Die Frühchristen haben also nicht einfach das Kulturgut ihrer Peiniger übernommen, deren Vielgötterei sie verabscheuten. Speziell in den lasterhaften und ausschweifenden Riten der Römer sahen sie den Inbegriff des Sündhaften, verboten selbstverständlich die Teilnahme daran und unterzogen das Tonsystem einer Heiligung, indem sie zahlreiche Bezüge zur Hl. Schrift herstellten. Man muss sich dies als einen Vorgang vorstellen, für den eine gewisse Zeitspanne erforderlich war, denn eine derart vernetzte Anpassung an die monotheistische Sichtweise ist nicht von einem Tag auf den anderen zu erwarten. Überhaupt sollte die katholische Lehre erst durch mehrere Konzilsbeschlüsse ihre Form gewinnen. Um die Trinitätslehre und das Glaubensbekenntnis wurde lange gerungen.
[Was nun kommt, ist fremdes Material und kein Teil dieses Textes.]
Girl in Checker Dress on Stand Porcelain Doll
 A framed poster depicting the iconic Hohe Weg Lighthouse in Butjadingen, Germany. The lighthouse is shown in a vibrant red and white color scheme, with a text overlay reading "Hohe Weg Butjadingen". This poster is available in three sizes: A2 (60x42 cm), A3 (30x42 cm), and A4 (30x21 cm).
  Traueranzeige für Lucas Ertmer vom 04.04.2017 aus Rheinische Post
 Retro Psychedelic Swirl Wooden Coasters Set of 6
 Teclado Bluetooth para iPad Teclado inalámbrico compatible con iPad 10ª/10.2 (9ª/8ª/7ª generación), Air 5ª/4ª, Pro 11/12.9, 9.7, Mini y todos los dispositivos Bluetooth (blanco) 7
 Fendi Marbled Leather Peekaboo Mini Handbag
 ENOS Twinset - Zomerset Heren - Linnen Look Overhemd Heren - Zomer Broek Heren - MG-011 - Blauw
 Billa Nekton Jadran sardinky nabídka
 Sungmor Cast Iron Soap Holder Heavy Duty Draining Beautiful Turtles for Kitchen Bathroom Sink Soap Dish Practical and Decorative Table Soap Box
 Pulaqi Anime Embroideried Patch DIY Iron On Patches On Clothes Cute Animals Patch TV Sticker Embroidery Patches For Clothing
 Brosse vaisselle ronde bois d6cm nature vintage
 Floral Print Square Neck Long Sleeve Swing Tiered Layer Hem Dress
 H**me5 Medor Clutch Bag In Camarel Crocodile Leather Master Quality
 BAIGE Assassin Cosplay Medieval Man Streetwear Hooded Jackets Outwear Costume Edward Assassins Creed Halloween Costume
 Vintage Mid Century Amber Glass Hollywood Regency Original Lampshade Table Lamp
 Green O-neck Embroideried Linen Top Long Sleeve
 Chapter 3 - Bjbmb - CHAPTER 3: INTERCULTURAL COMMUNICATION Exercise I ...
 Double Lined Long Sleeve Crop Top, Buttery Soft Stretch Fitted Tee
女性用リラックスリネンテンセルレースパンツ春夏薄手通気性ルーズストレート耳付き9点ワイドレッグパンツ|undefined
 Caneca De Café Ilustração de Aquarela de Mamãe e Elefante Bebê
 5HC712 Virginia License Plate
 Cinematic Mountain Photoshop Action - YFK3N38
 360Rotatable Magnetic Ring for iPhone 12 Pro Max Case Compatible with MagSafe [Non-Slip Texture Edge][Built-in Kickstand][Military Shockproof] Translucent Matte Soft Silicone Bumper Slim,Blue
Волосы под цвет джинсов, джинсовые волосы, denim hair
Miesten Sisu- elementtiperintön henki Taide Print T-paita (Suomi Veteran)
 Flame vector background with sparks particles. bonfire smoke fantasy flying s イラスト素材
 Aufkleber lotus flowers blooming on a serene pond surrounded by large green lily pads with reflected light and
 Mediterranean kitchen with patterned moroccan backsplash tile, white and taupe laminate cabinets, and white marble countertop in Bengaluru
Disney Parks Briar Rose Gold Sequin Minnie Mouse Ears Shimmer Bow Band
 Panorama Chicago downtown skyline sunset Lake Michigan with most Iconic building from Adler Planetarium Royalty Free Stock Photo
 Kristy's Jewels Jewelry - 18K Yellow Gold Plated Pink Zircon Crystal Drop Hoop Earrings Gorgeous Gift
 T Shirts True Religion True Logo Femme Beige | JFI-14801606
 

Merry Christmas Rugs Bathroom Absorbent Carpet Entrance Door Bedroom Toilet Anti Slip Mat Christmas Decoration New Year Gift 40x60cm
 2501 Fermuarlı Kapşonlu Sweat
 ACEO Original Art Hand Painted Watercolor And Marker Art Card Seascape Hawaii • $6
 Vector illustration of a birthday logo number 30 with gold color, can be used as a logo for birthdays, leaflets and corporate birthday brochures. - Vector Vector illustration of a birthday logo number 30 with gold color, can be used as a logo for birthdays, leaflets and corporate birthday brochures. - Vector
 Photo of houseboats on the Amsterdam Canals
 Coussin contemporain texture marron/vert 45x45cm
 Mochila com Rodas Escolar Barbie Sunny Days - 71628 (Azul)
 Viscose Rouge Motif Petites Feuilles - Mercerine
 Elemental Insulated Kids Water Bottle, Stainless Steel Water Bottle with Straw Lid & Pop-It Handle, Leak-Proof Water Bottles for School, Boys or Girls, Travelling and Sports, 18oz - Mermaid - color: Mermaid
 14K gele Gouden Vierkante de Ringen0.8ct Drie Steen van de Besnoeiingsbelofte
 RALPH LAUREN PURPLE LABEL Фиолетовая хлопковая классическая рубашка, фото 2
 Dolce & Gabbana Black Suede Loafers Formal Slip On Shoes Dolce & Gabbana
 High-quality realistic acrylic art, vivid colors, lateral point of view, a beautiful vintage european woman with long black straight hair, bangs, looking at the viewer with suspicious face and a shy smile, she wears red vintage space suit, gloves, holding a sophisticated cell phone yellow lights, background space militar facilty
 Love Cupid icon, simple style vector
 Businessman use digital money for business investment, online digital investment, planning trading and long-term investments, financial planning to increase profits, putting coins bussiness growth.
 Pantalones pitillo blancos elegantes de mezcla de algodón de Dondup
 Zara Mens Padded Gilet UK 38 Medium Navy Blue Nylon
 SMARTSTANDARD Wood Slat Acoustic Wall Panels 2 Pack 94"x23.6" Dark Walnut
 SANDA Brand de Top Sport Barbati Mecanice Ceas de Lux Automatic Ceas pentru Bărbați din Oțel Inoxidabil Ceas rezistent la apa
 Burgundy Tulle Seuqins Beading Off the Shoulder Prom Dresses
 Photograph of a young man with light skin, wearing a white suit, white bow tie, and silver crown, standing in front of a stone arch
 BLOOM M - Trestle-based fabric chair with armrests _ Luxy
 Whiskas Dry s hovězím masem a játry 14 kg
Parallel dazu befand sich auch das Buch der Bücher selbst noch in einer Phase der Entwicklung, und bezüglich der Zahlenwerte und ihrer symbolischen Relevanz kann es sich daher kaum anders verhalten. Heute ist die Rede von 8 Seligkeiten und 7 Gaben des Hl. Geistes, doch 13 Seligkeiten werden in der Bibel genannt, und von nur 6 Gaben des Hl. Geistes berichtet der hebräische Urtext. Auch bezüglich der 5 Wunden gibt es ein Dilemma, denn entweder muss die Dornenkrone ausser acht gelassen werden, oder aber die beiden Wunden an den Füssen werden als eine gezählt, weil ein einzelner Nagel durch beide Füsse getrieben wurde. Fünfwundenkreuze und Fünfwundenrosenkränze zeigen beide Varianten. Mit der Vorstellung mathematischer Präzision muss man an christliche Symbolik also nicht herantreten. Dabei setzen sich die Unstimmigkeiten in der Musik fort, wo Halbe als Ganze gezählt werden, 5 Ganze und 2 Halbe 8 ergeben und nachträglich noch Behelfsziffern wie eine "kleine Zwei" (kleine Sekund) und "grosse Drei" (grosse Terz) eingeschoben werden.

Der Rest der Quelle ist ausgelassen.